Oder: Qualität statt Quantität. Zu viele, vielleicht sogar hektische Schläge, bringen Unruhe in dein Kajak und versauen dir dein Timing. Arbeite mit Schlüsselschlägen, gut platzierten, kraftvollen Schlägen. So passt dann auch der letzte Schlag an der Abrisskante.

 

10. Boofen und Anschanzen

Ohne geht es heute nicht mehr. Boofen und Anschanzen braucht man nicht nur an haushohen Wasserfällen, sondern man kann alles Anschanzen, was nicht bei drei auf den Bäumen ist.

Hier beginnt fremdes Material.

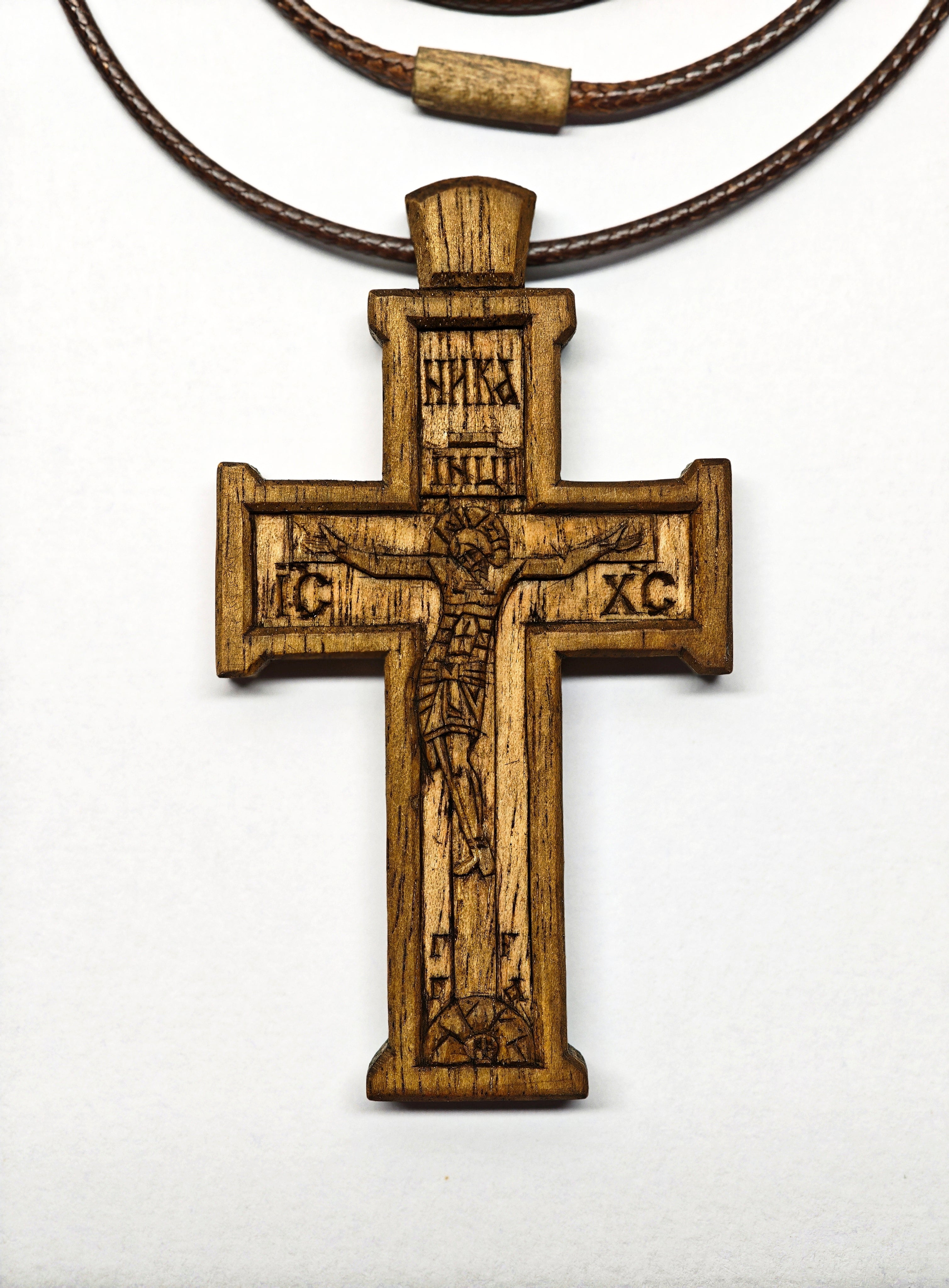 Handmade Walnut Wood Cross Necklace – Christian Gift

Felsen, Walzen, Stufen, Locken, Kehrwasser mit Versatz, Mitpaddler…
Das Ziel beim Boofen und Anschanzen ist es, den Bug an einer Kante in die Höhe zu bekommen, damit die Spitze nicht ins Unterwasser abtaucht. So können zum Beispiel Klemmunfälle vermieden werden, zum Beispiel auf stark verblocktem Wildwasser wie auf Korsika. Auch kann das spontane Anschanzen eines Felsens das Verklemmen in einer zu schmalen Durchfahrt verhindern. Durch Anschanzen eines Felsens gebe ich meinem Kajak die Richtung vor. Ich vermeide das alte Gesetz: Einfallswinkel gleich Ausfallswinkel und bestimme aktiv die Richtung meines Kajaks.